# Work instructions
A word-for-word copy of the records below is needed, without the images.

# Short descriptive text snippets
——————————
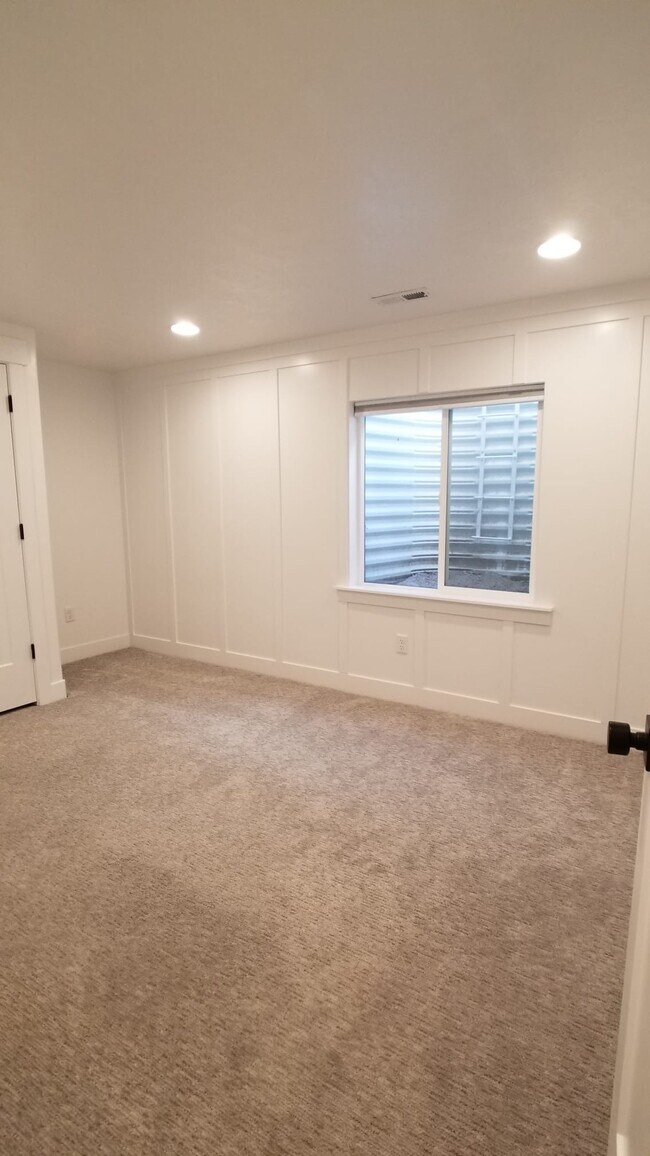 Building Photo - 32 W Sicula Rd.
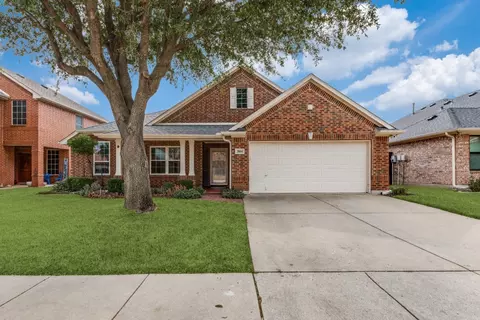 3804 Sevenoaks Dr, Fort Worth, TX 76244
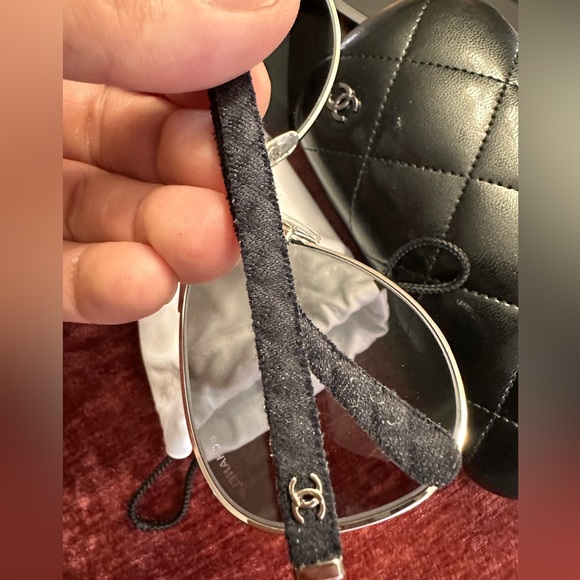 BRAND NEW NEVER USED CHANEL AVIATOR SUNGLASSES - Picture 3 of 6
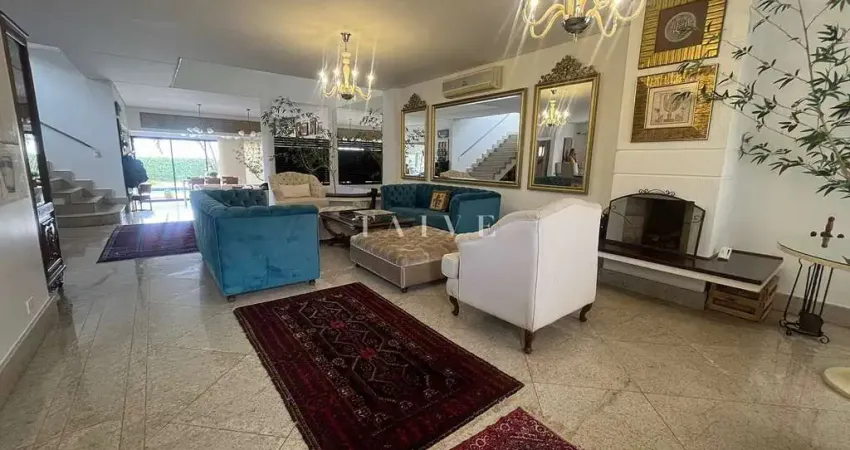 Casa à venda ou locação, Cond. Morada Imperial, 3 suítes, 4 vagas, lareira, hidromassagem, aquecime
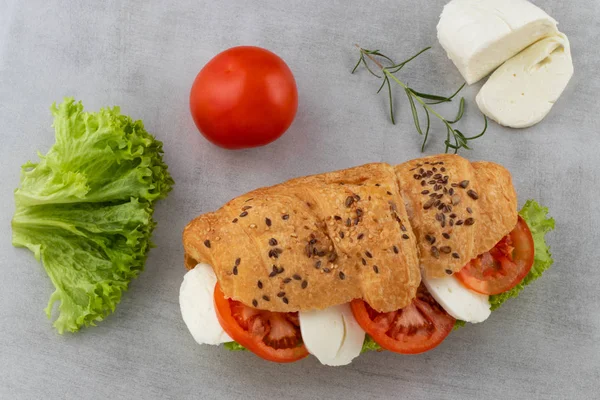 Croissant Sandwich Mit Salat Mozzarella Und Tomaten Gesunde Zwischenmahlzeit Ansicht — Stockfoto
——————————
# The answer
 Building Photo - 32 W Sicula Rd.
 3804 Sevenoaks Dr, Fort Worth, TX 76244
 BRAND NEW NEVER USED CHANEL AVIATOR SUNGLASSES - Picture 3 of 6
 Casa à venda ou locação, Cond. Morada Imperial, 3 suítes, 4 vagas, lareira, hidromassagem, aquecime
 Croissant Sandwich Mit Salat Mozzarella Und Tomaten Gesunde Zwischenmahlzeit Ansicht — Stockfoto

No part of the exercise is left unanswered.